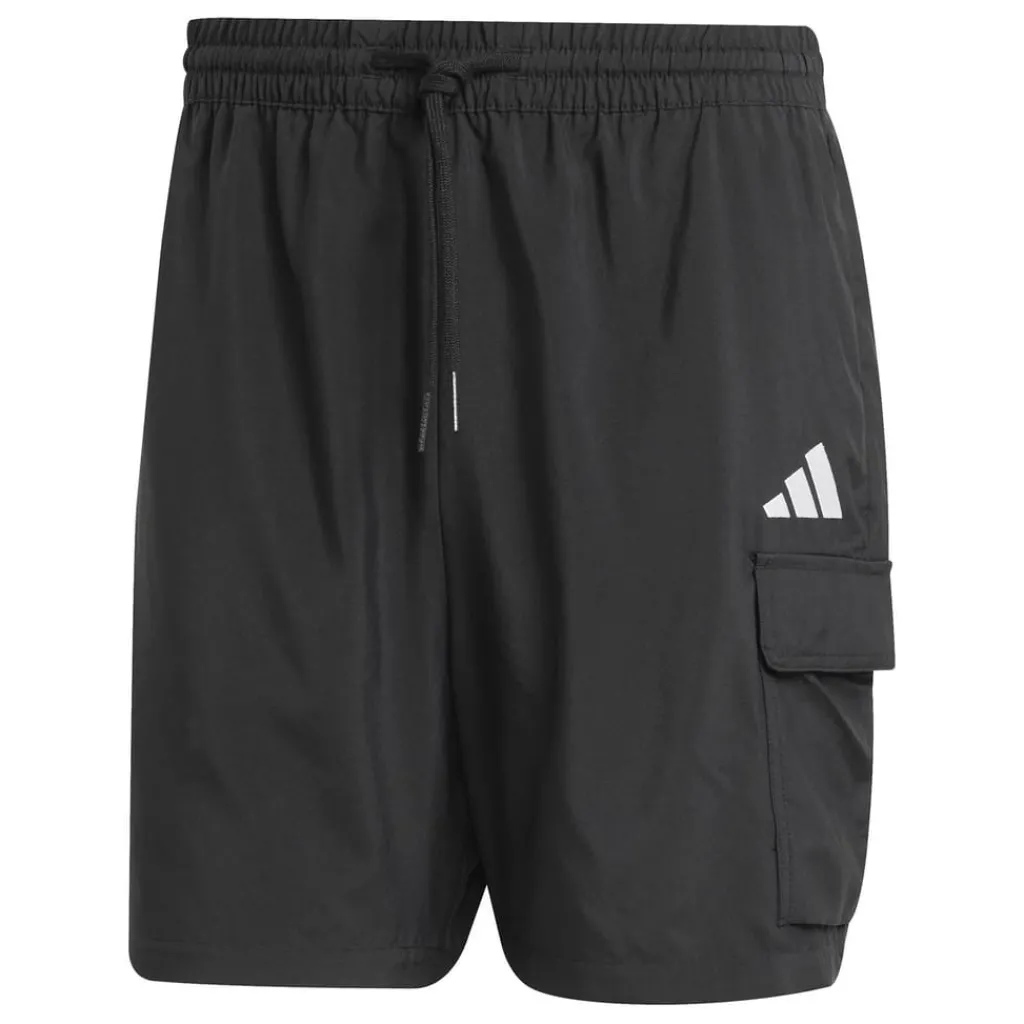 Shorts*adidas Essentials Small Logo Cargo Chelsea Shorts in Black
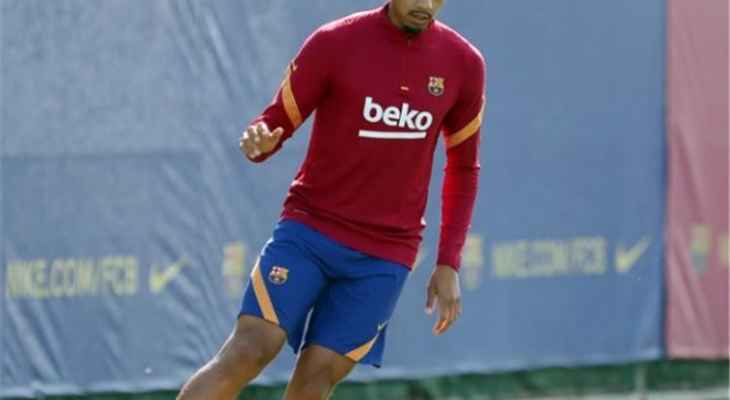 برشلونة: عودة أراخو للملاعب تعتمد على سرعة تعافيه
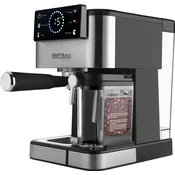 Kraft&Dele Aparat za kavo pod pritiskom 1500 W 20 barov LCD KD4292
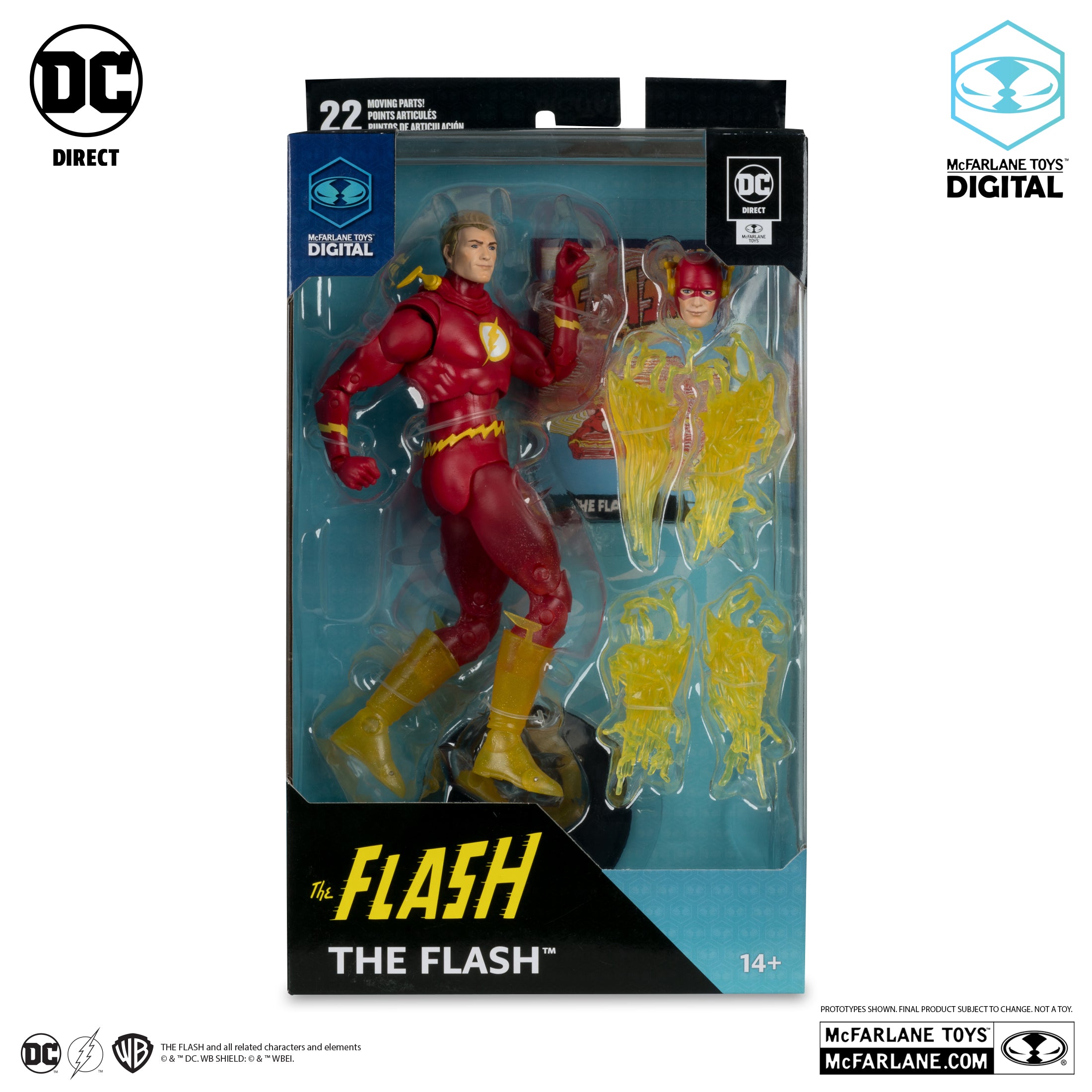 OZAスターエース DC フラッシュ THE FLASH 1/8フィギュア Action Figure Flash The Flash Dc Comics - Bandai ShFiguarts - Cubo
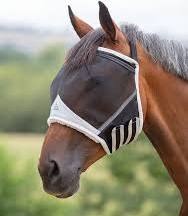Shires Fly Mask Fine Mesh Earless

★ ★ ★

■ What you need to do ■
All of the preceding material should be output verbatim, with the pictures excluded.

■ Solved exercise ■
 Shorts*adidas Essentials Small Logo Cargo Chelsea Shorts in Black
 برشلونة: عودة أراخو للملاعب تعتمد على سرعة تعافيه
 Kraft&Dele Aparat za kavo pod pritiskom 1500 W 20 barov LCD KD4292
 OZAスターエース DC フラッシュ THE FLASH 1/8フィギュア Action Figure Flash The Flash Dc Comics - Bandai ShFiguarts - Cubo
Shires Fly Mask Fine Mesh Earless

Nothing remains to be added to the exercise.